Hanging in the NOC these last couple of days has confirmed one thing. Creation of content to support an information security program is an ongoing process. It starts with the identification and deployment of out-of-the-box content useful for the audience, but a good security operations plan does not stop there.
The RSA NOC team was asked to monitor a classroom on Network Forensics and present the findings after the fact. Challenge accepted! The team early on invested in the identification of assets that make up the conference. The team was already enabled to do this work!
A set of rules were selected to create a report around and provide custom views into each classroom.
From there, the team was able to drill down into sessions with the focus on the classroom and time frame.
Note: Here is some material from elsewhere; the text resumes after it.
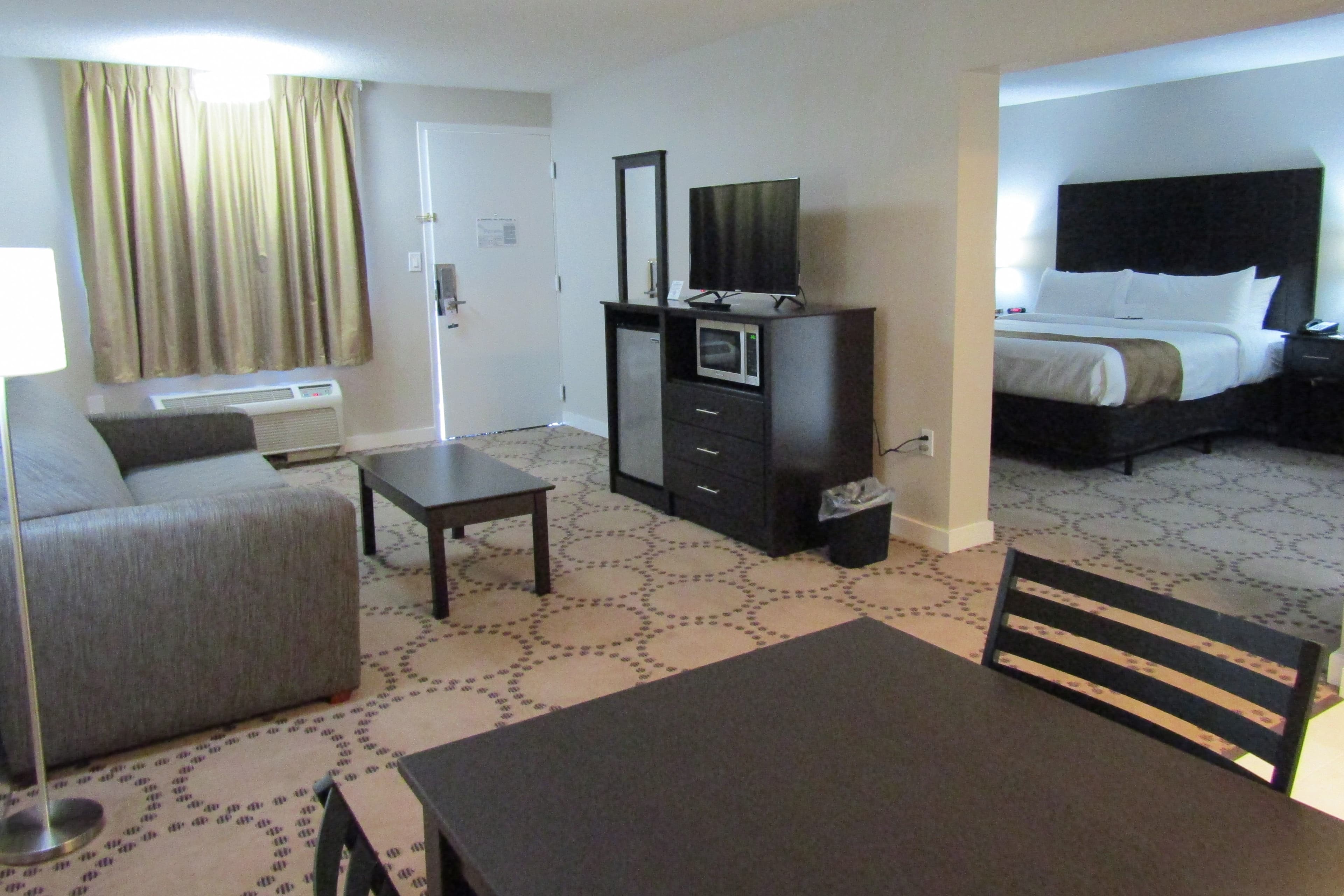 Quality Inn & Suites Kissimmee near Main Gate — 33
Visualizations helped to see spikes and dips of traffic and quickly pivot into them. Investigation was done easily by pivioting through meta data. Custom queries were executed combining suspicious indicators.
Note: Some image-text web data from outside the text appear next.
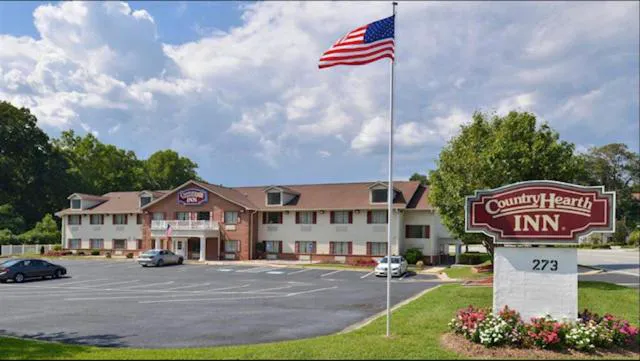 Country Hearth Inn & Suites Toccoa hotel hero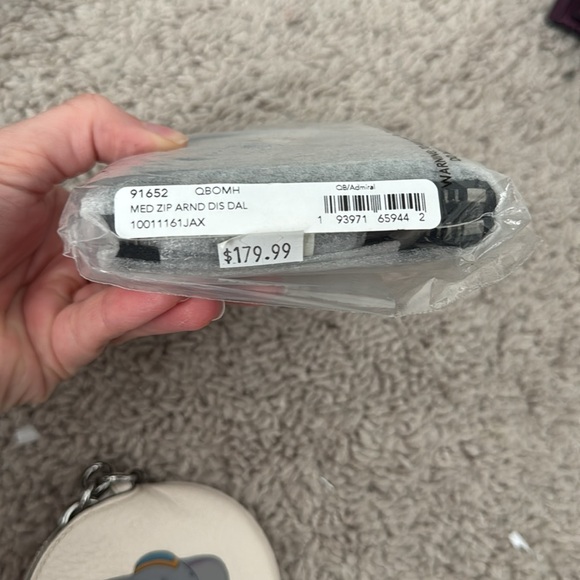 Brand New 101 Dalmatians Medium Zip Wallet - Picture 2 of 4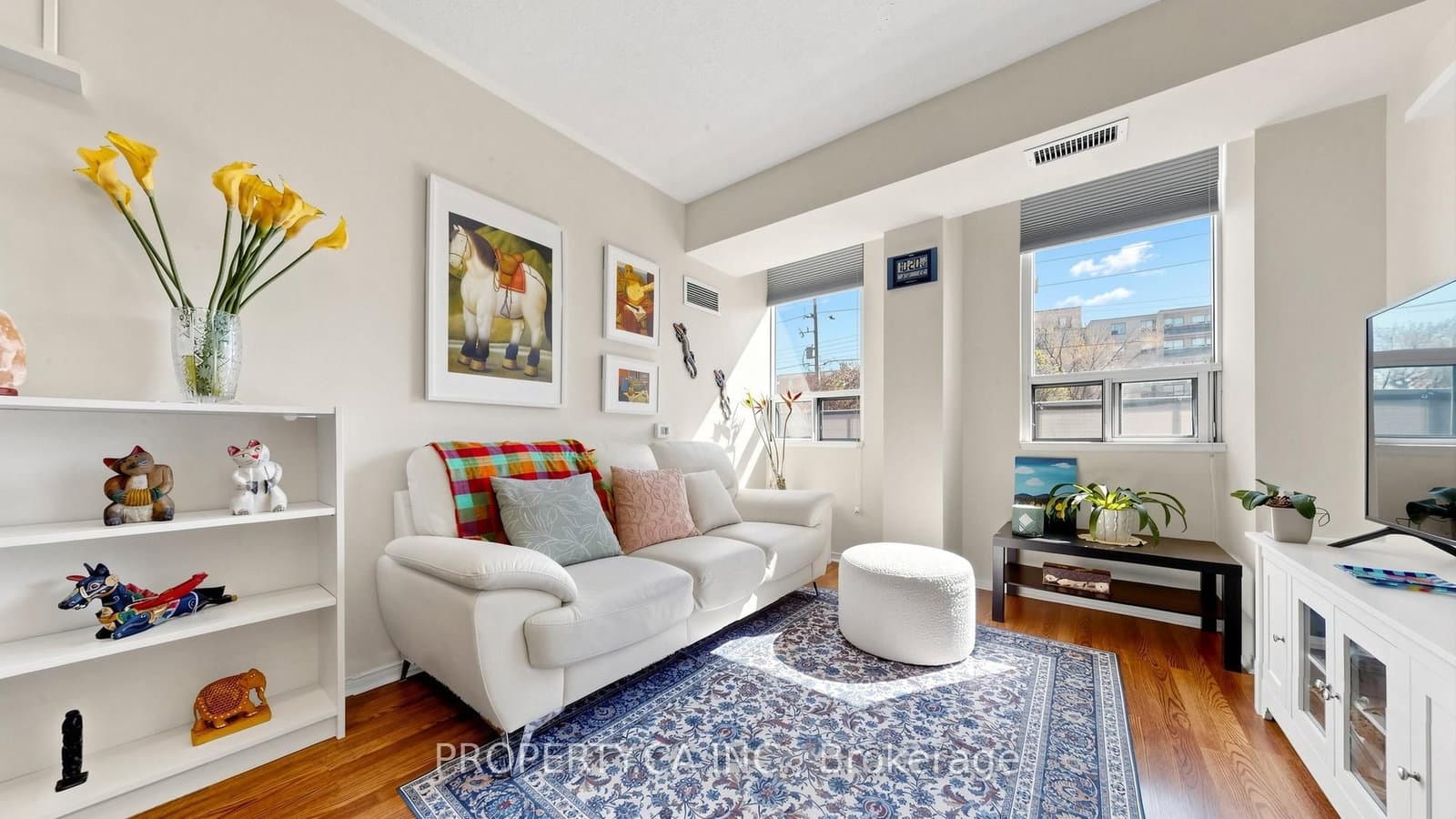 7398 Yonge Street, Unit 107 - Image 4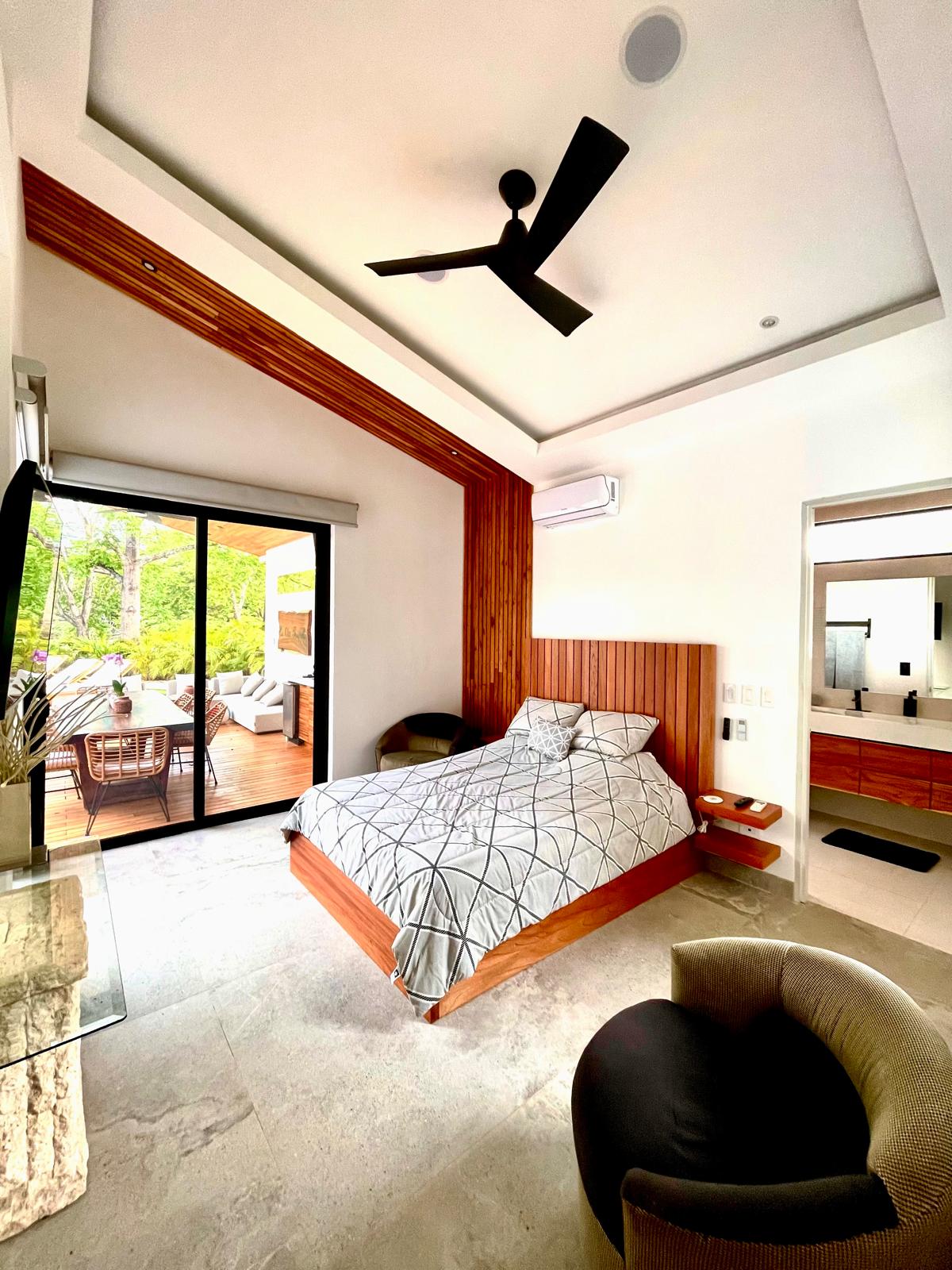 Casa La Ola Perfecta | Luxury 5-Bedroom Home with Pool Near the Beach in Hacienda Pinilla
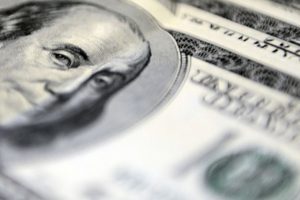 Dolar beklentisi d&uuml;şt&uuml;, b&uuml;y&uuml;me sabit kaldı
This enabled the team to quickly get down to handfuls of suspicious alerts and behaviors out of the thousands of events.
The full sessions of these events were reconstructed and confirmed as malicious or not. If suspected as a malware, we were able to send to the malware analysis tool for additional confirmation and information about it.
The NOC team had a lot of fun with this challenge. I felt like we got to know some of the "threat actors" in the class and could create even more targeted content going forward. All in all, the classroom reports, investigation and presentation were all completed within an afternoon and the findings presented to the classroom. I think that's pretty cool.